There were warning messages when reading in the twitter file. However, these are not major errors which prevent subsequent lines from being read into R and are ignored. The warning messages are not displayed for tidiness.
blogs <- readLines(paste0(directory, "en_US.blogs.txt"))
news <- readLines(paste0(directory, "en_US.news.txt"))
twitter <- readLines(paste0(directory, "en_US.twitter.txt"))
Each dataset’s size on memory and the number of lines it contains is displayed below.
require(data.table)
datasets <- c("blogs", "news", "twitter")
objSize <- sapply(datasets, function(x) {format(object.size(get(x)), units = "Mb")})
lines <- sapply(datasets, function(x) {length(get(x))})
overview <- data.table("Dataset" = datasets, "Object Size" = objSize, "Lines" = lines)
overview
## Dataset Object Size Lines
## 1: blogs 248.5 Mb 899288
## 2: news 249.6 Mb 1010242
## 3: twitter 301.4 Mb 2360148
The following steps were taken to clean each dataset:
1. Removal characters that are not white spaces, alphabets, digits and punctuations
2. Removal of a list of profanities found here.
3. Removal numbers, punctuations and websites
4. Words converted to lowercase
5. Words are separated by spaces and their frequencies are counted
The data cleaning codes are not displayed here for brevity. Instead, the cleaned datasets are loaded and combined together for exploratory data analysis.
blogs <- readRDS(paste0(directory, "Blogs Unigrams.RData"))
news <- readRDS(paste0(directory, "News Unigrams.RData"))
twitter <- readRDS(paste0(directory, "Twitter Unigrams.RData"))
data <- rbindlist(list(blogs, news, twitter))
data <- data[, list("Count" = sum(Count)), by = Word]
A brief summary of the cleaned dataset is shown below.
summary(data)
## Word Count
## Length:577831 Min. : 1
## Class :character 1st Qu.: 1
## Mode :character Median : 1
## Mean : 174
## 3rd Qu.: 4
## Max. :4759890
Having cleaned the data, word clouds are used to visualize the most frequent terms in the entire dataset. Histograms are impractical to use here as there is a total of 577831 unique words in the cleaned dataset.
require(wordcloud)
palette <- brewer.pal(9, "Set1")
wordcloud(data[["Word"]], data[["Count"]], scale=c(10, .5), min.freq = 2, max.words = 1000,
random.order = F, random.color = F, colors = palette)
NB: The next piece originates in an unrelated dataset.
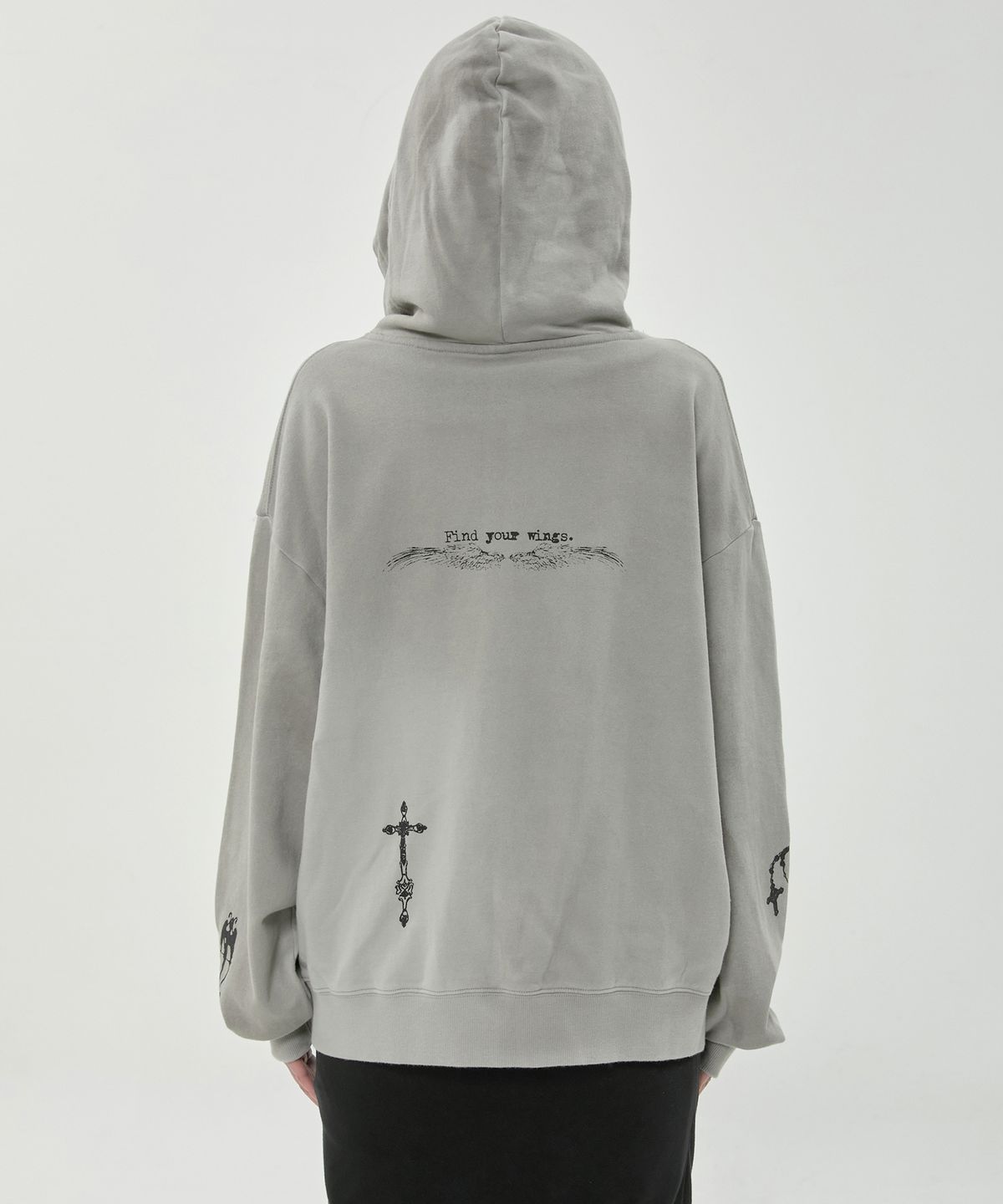 플레어업(FLAREUP) Dirty-Washed Zip Hoodie (FL-066_Gray)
The word cloud is dominated by stop words. A list of stop words are removed and the word cloud is generated again.
stopWords <- readLines(paste0(directory, "Stop Word List.txt"))
require(data.table)
setkey(data, "Word")
dataWithoutStopWords <- data[!.(stopWords)]
setkey(data, "Count")
wordcloud(dataWithoutStopWords[["Word"]],
dataWithoutStopWords[["Count"]], scale=c(4, .5), min.freq = 2, max.words = 500,
random.order = F, random.color = F, colors = palette)
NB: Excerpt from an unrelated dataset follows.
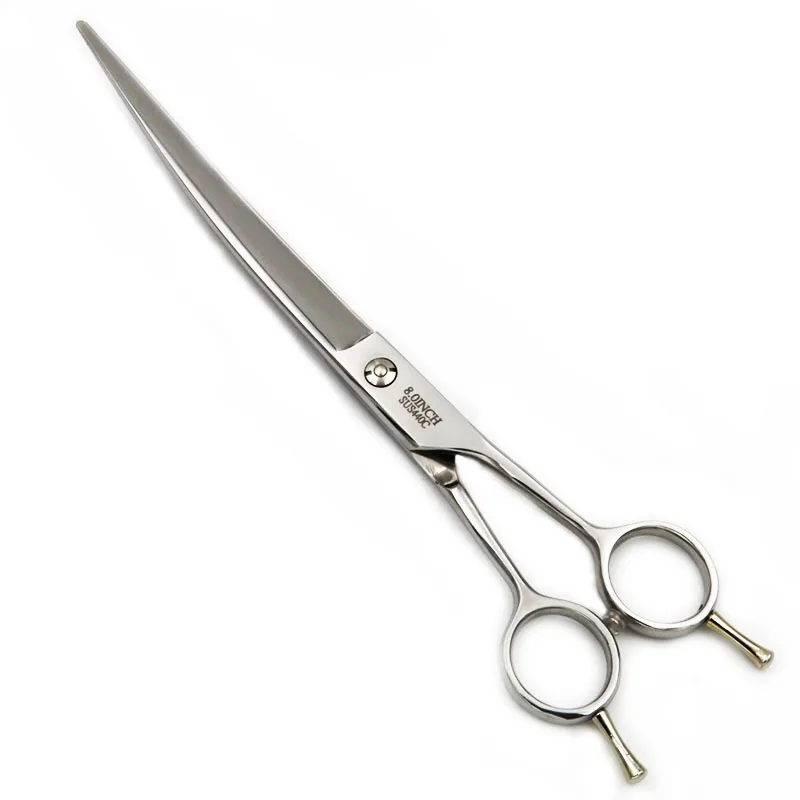 Brand Pet Grooming Scissors Set 8 Inch Professional Japan 440C Dog Shears Hair Cutting Curved Scissors With Bag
The word clouds shown are really just the word clouds of uni-grams, with the word frequencies corresponding to their probabilities. However, using uni-grams alone will generate a next-word prediction model that is highly ineffective: it will always predict the most frequent word.
The intention is to incorporate high order n-grams (bi-grams, tri-grams) in future development to achieve better next-word predictions. However, doing so will result in many n-grams being unobserved in the training data. This will require more advanced statistical methods, such as modified Kneser-Ney smoothing, to deal with this issue.
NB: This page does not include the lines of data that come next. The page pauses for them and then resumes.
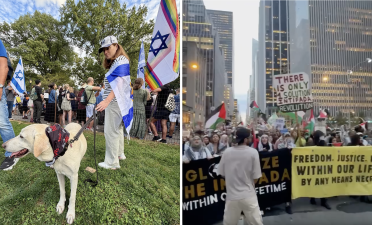 Two views of October 7, 2025 in Manhattan: A Pro-Israel vigil in Central Park, including a dog wearing a Bring Them Home bandana and gay pride flags, and a protest outside the News Corp. building at 1211 6th Avenue, with signs reading “Globalize the Intifidada” and “There is only 1 solution, Intifada Revolution.”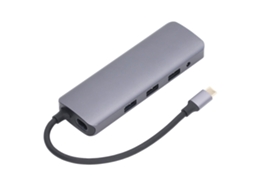Primerox estação de Docking 9 em 1 Hub Usb C Alumínio com Dual Monitores e Carregamento Pd100w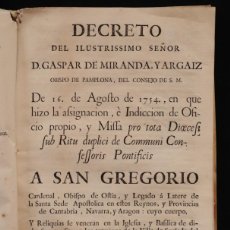 Antigüedades: DECRETO DE D. GASPAR DE MIRANDA (PAMPLONA) A SAN GREGORIO. TAPAS PERGAMINO 1754. BASÍLICA DE SORLADA. Lote 364888701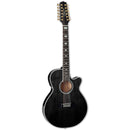 Takamine TSP158C-12-SBL Thinline Table en épicéa massif Guitare acoustique 12 cordes avec étui - Noir transparent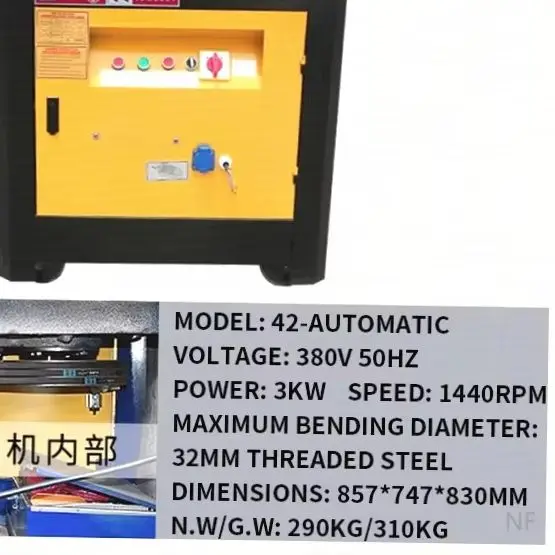 NF GW40 Compact Rebar Bending Machine 50 Heavy Duty Electric Fully Automatic CNC Threaded Round Steel Hoop Bending Customized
The corpora was cleaned and read into R to generate a word cloud for uni-grams. However, relying on uni-grams alone for next-word prediction is highly ineffective. For future development, high order n-grams and more advanced statistical methods will be incorporated to improve the prediction algorithm. It remains to be seen what the optimal order of n-gram should be and whether the training data should be further augmented with additional corpora.